DIRECTIONS
Repeat every line from the line containing "ШКАЛА ПОДГОТОВКИ СПОРТИВНОЙ" to the end of the data, exactly. Leave the pictures out.

EXERCISE INPUT
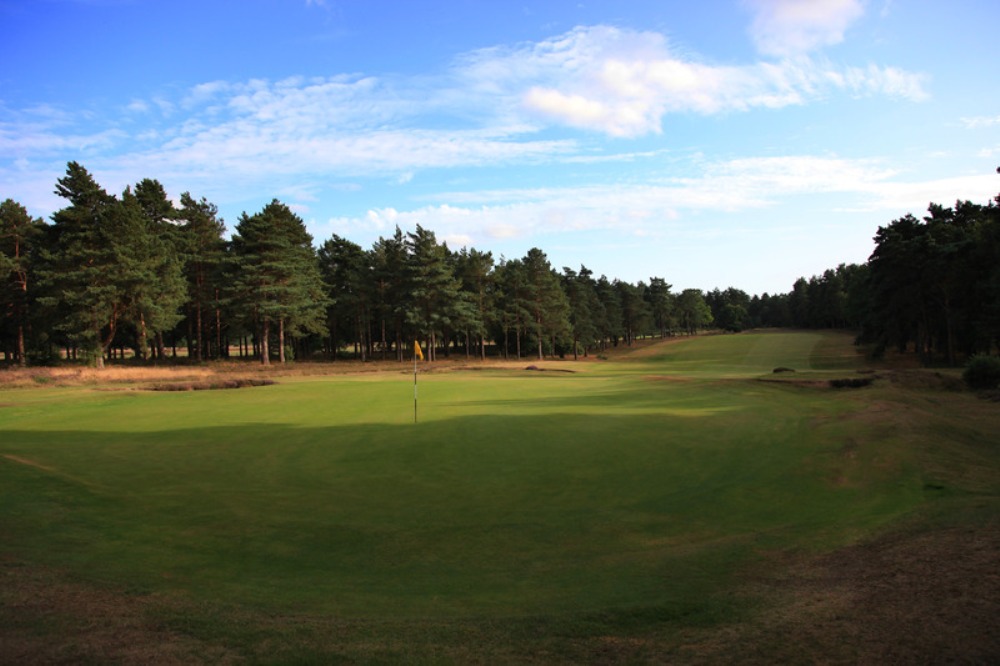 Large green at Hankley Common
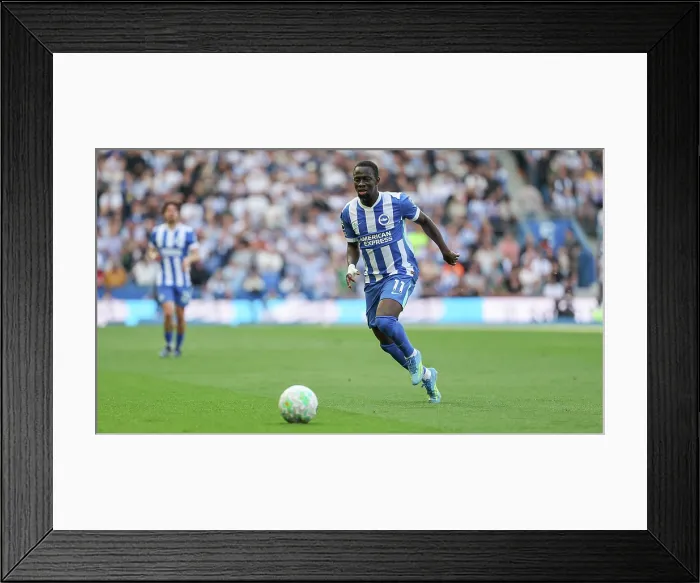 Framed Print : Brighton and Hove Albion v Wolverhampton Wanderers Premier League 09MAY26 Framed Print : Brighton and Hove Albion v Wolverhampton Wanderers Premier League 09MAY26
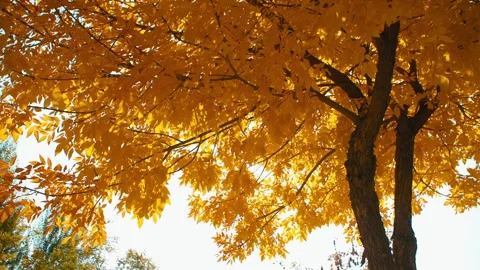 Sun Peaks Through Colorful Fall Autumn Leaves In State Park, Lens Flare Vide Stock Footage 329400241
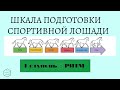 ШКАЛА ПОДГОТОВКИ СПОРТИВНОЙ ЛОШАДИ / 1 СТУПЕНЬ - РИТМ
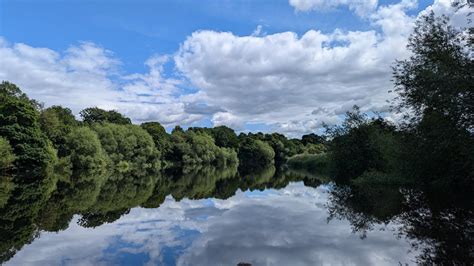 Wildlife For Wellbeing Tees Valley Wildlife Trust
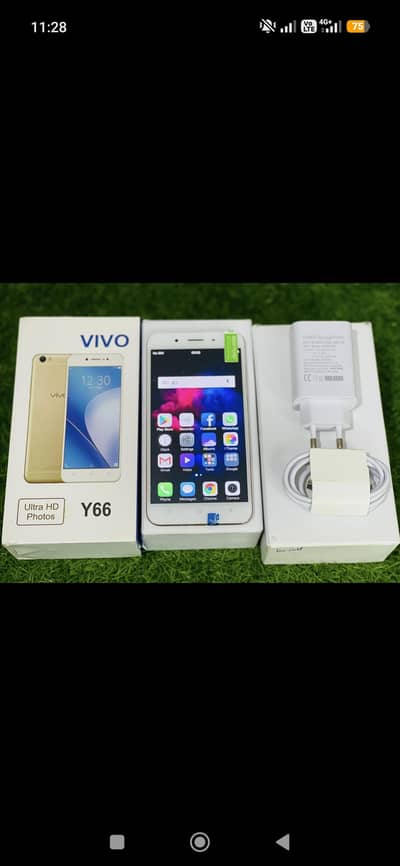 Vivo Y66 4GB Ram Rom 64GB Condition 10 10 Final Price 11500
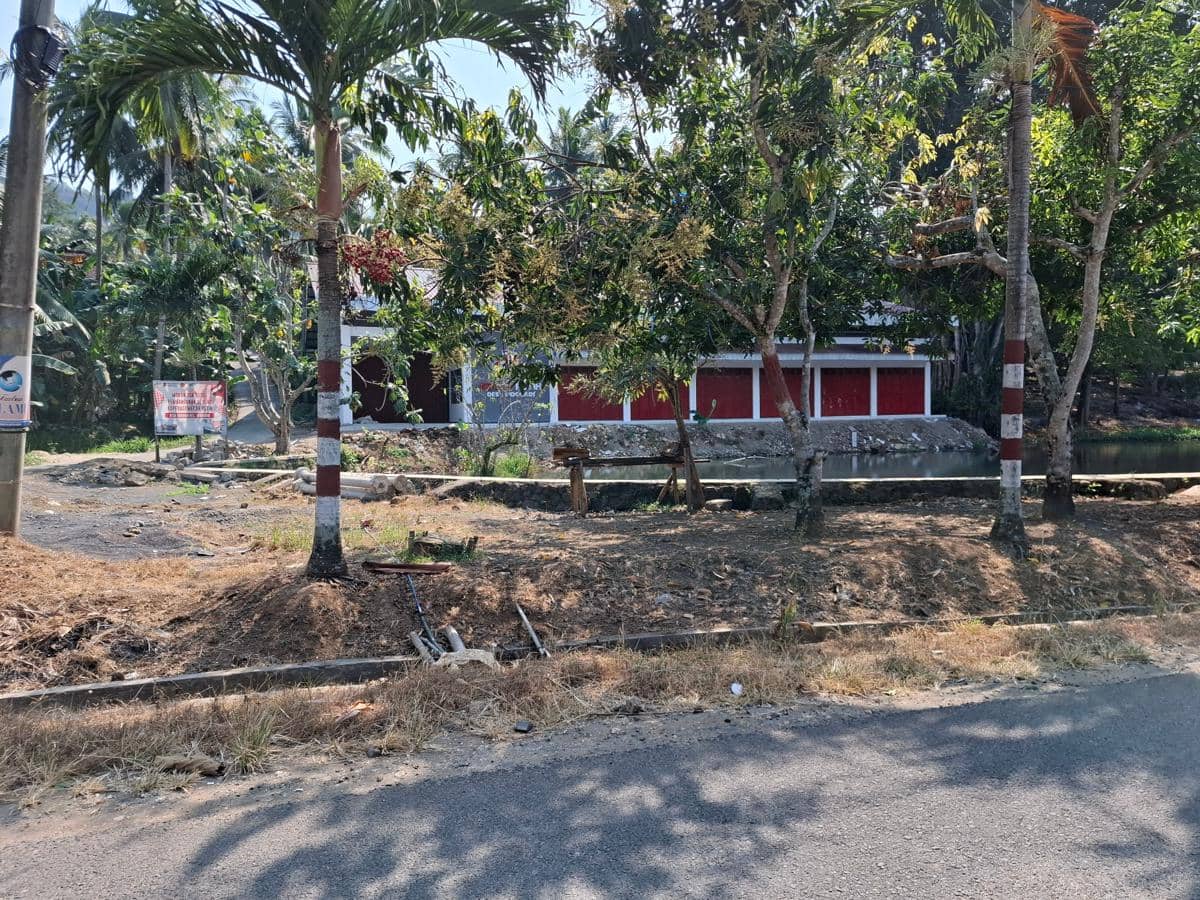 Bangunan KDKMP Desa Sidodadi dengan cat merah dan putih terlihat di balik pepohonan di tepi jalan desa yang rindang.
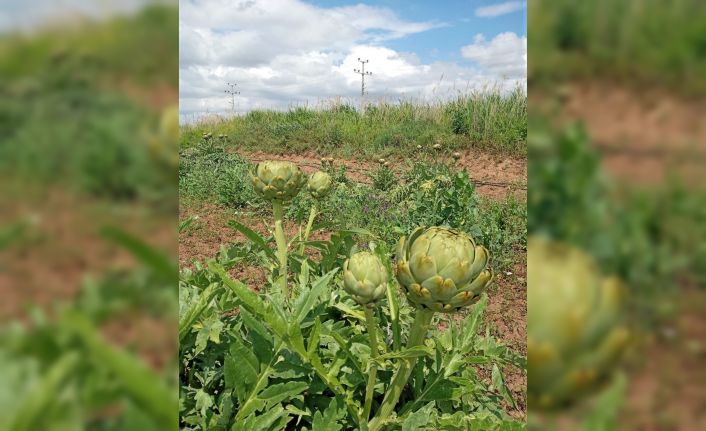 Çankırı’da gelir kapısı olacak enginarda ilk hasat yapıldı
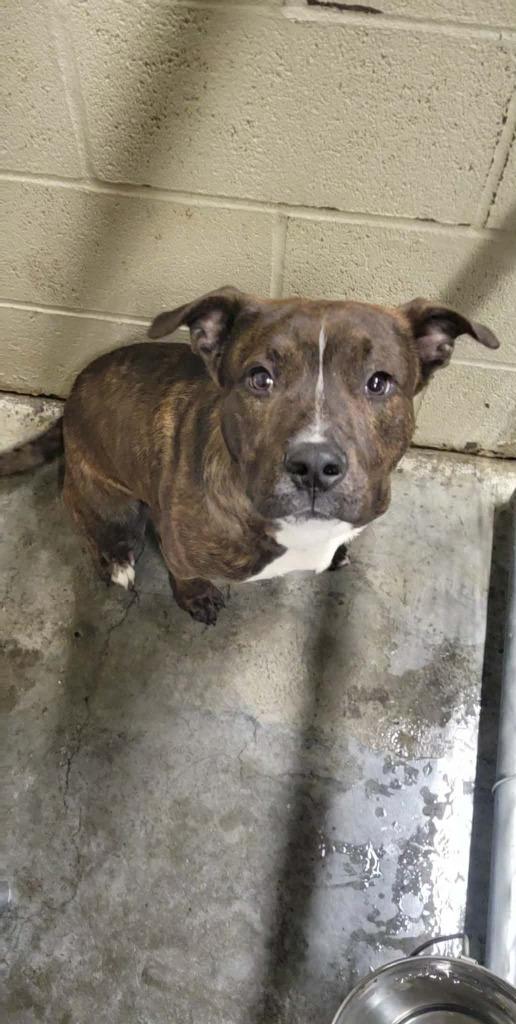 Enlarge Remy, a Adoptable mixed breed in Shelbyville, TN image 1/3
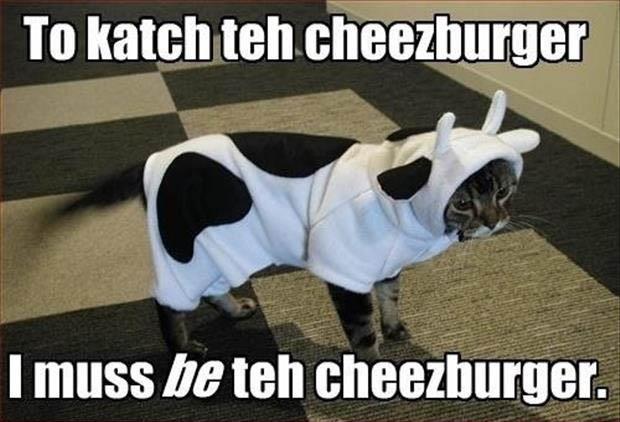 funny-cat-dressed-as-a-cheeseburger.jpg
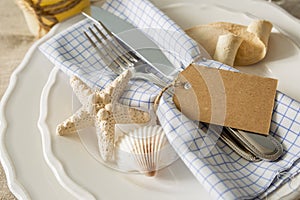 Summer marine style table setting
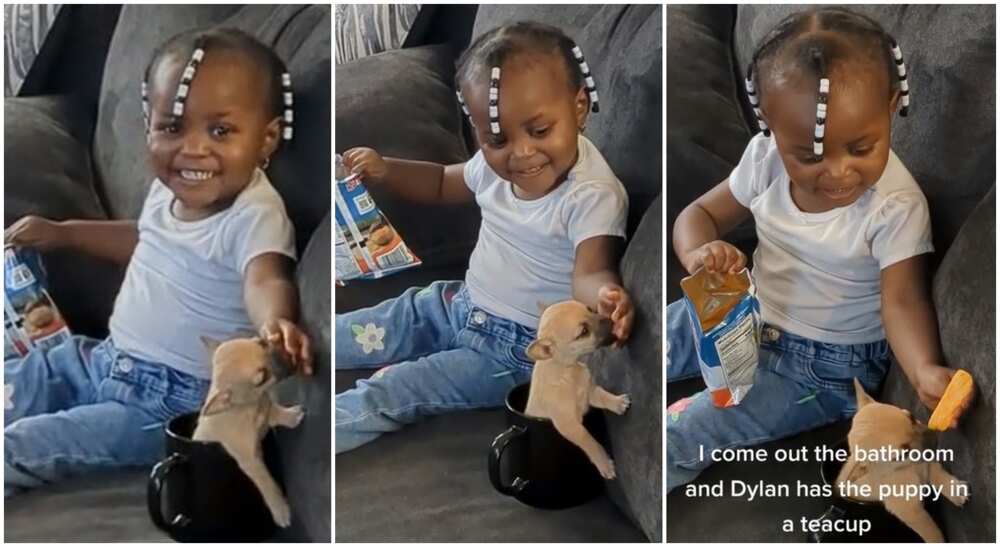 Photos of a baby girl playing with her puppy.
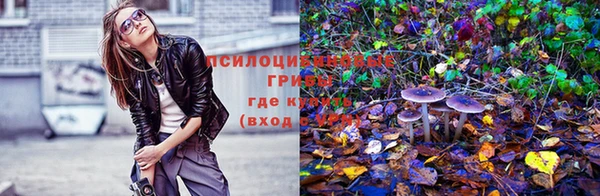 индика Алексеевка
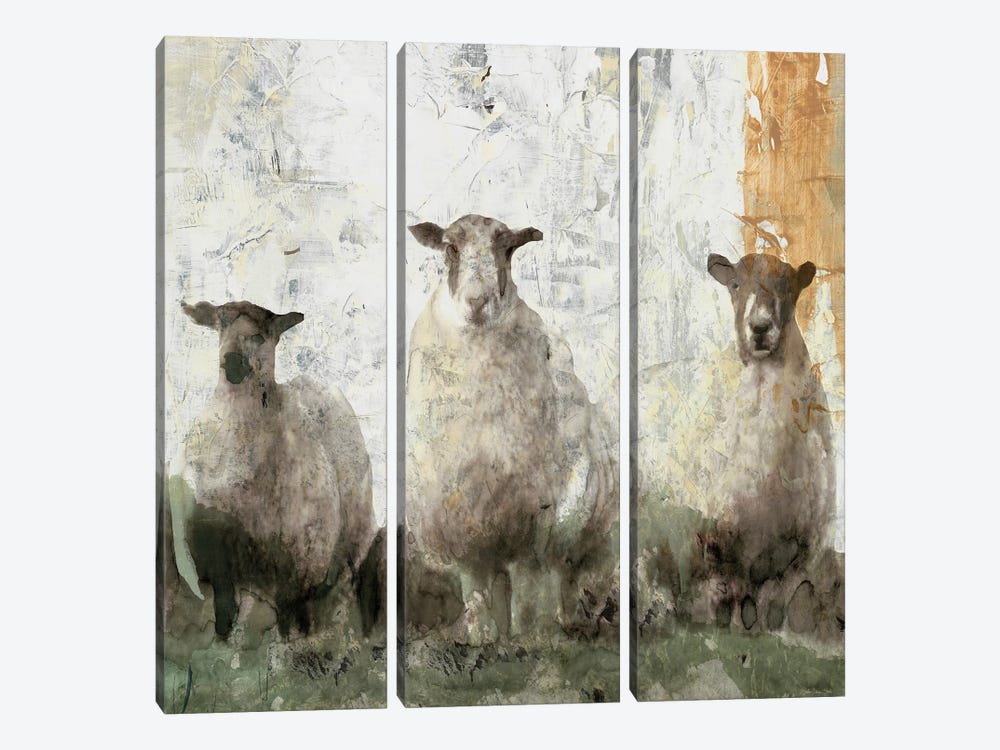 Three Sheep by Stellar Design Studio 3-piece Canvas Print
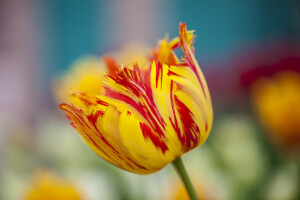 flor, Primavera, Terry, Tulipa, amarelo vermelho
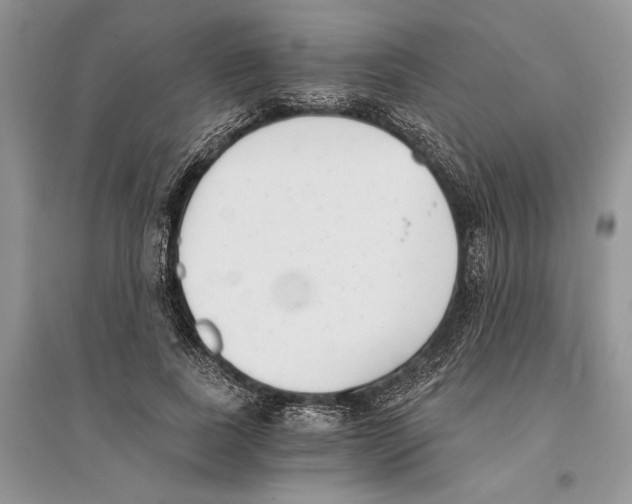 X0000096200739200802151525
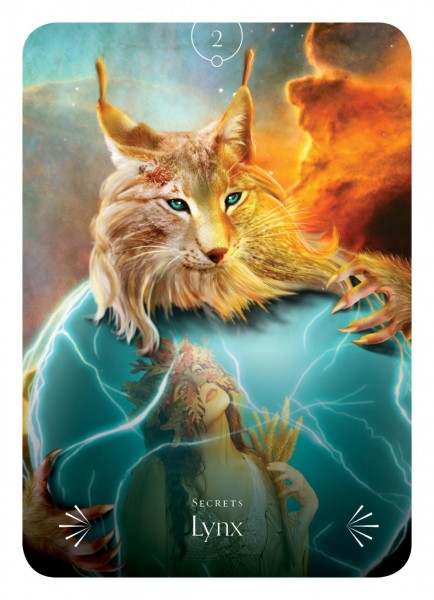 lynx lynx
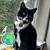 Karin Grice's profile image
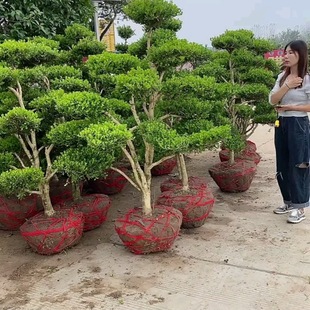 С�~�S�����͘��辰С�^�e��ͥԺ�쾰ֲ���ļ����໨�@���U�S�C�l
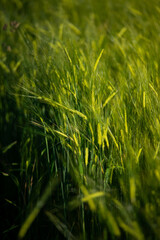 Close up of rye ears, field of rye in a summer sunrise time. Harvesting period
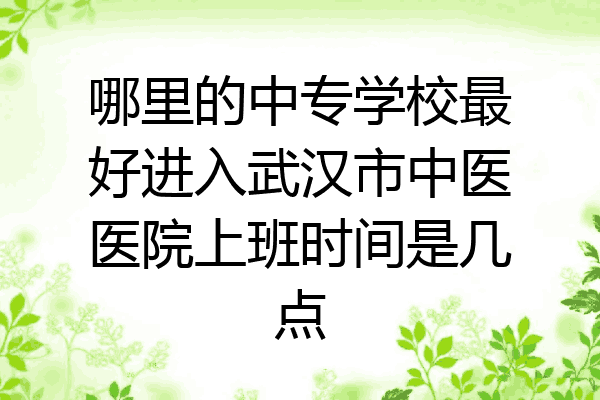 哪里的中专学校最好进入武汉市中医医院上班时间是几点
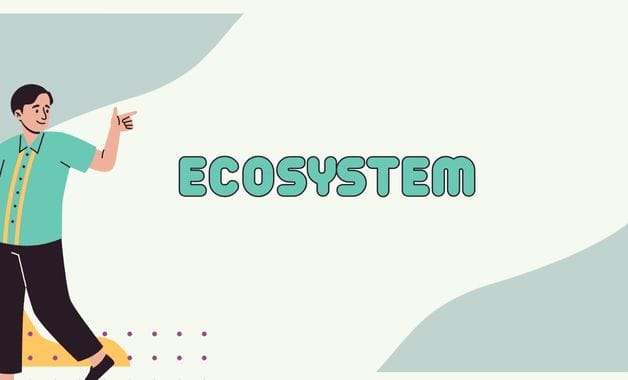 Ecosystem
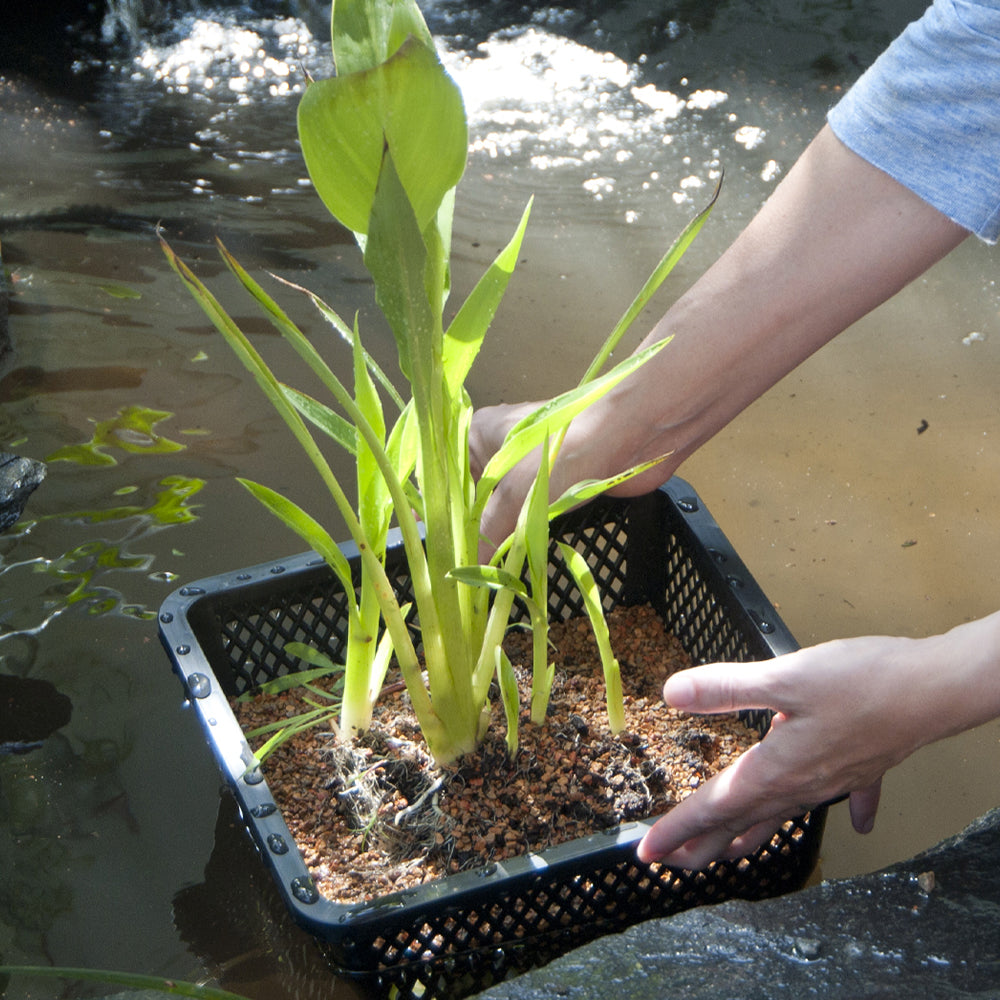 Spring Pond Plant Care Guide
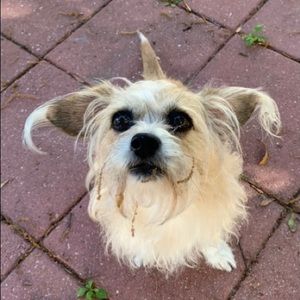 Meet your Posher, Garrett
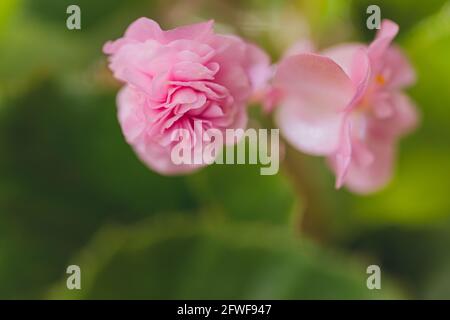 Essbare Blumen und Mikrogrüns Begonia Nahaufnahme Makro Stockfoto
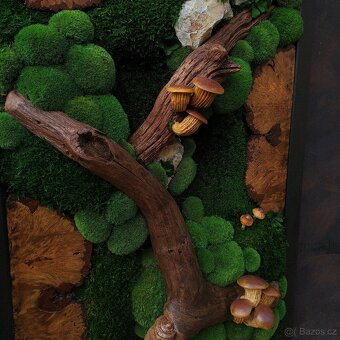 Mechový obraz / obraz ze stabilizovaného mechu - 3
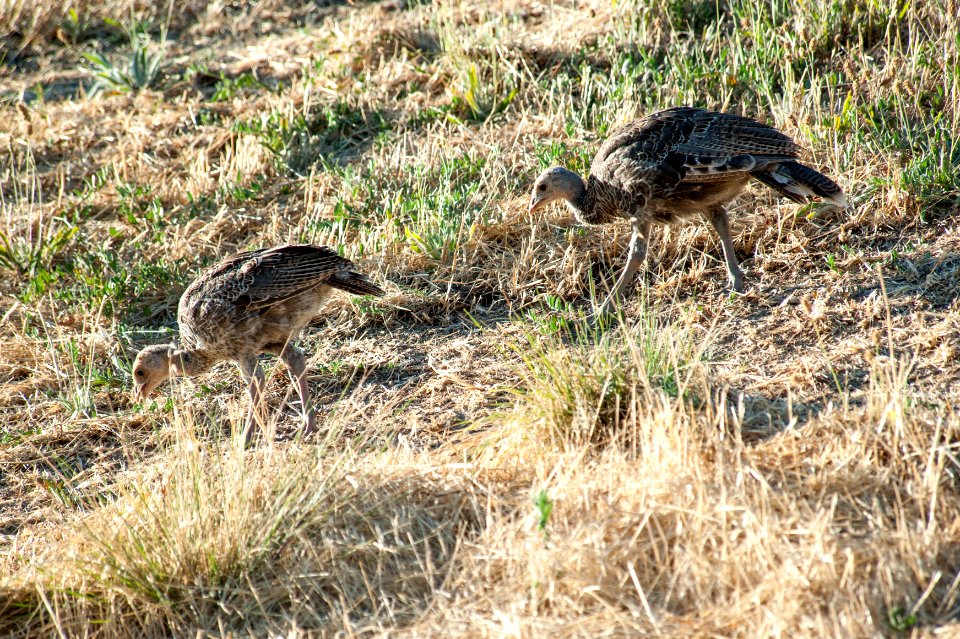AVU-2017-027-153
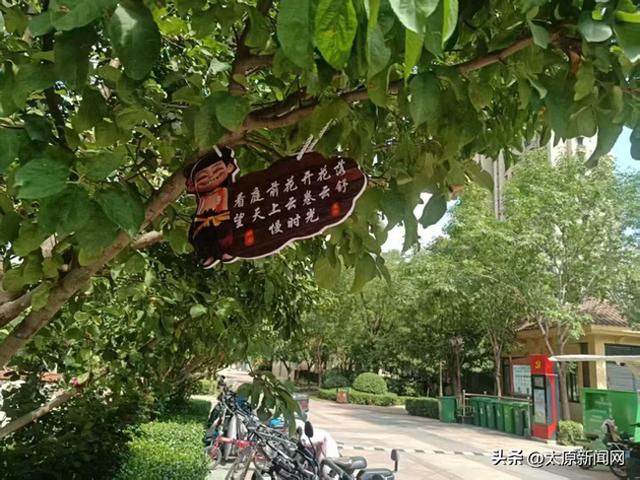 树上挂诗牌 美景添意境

RESPONSE TO THE EXERCISE
 ШКАЛА ПОДГОТОВКИ СПОРТИВНОЙ ЛОШАДИ / 1 СТУПЕНЬ - РИТМ
 Wildlife For Wellbeing Tees Valley Wildlife Trust
 Vivo Y66 4GB Ram Rom 64GB Condition 10 10 Final Price 11500
 Bangunan KDKMP Desa Sidodadi dengan cat merah dan putih terlihat di balik pepohonan di tepi jalan desa yang rindang.
 Çankırı’da gelir kapısı olacak enginarda ilk hasat yapıldı
 Enlarge Remy, a Adoptable mixed breed in Shelbyville, TN image 1/3
 funny-cat-dressed-as-a-cheeseburger.jpg
 Summer marine style table setting
 Photos of a baby girl playing with her puppy.
 индика Алексеевка
 Three Sheep by Stellar Design Studio 3-piece Canvas Print
 flor, Primavera, Terry, Tulipa, amarelo vermelho
 X0000096200739200802151525
 lynx lynx
 Karin Grice's profile image
 С�~�S�����͘��辰С�^�e��ͥԺ�쾰ֲ���ļ����໨�@���U�S�C�l
 Close up of rye ears, field of rye in a summer sunrise time. Harvesting period
 哪里的中专学校最好进入武汉市中医医院上班时间是几点
 Ecosystem
 Spring Pond Plant Care Guide
 Meet your Posher, Garrett
 Essbare Blumen und Mikrogrüns Begonia Nahaufnahme Makro Stockfoto
 Mechový obraz / obraz ze stabilizovaného mechu - 3
AVU-2017-027-153
 树上挂诗牌 美景添意境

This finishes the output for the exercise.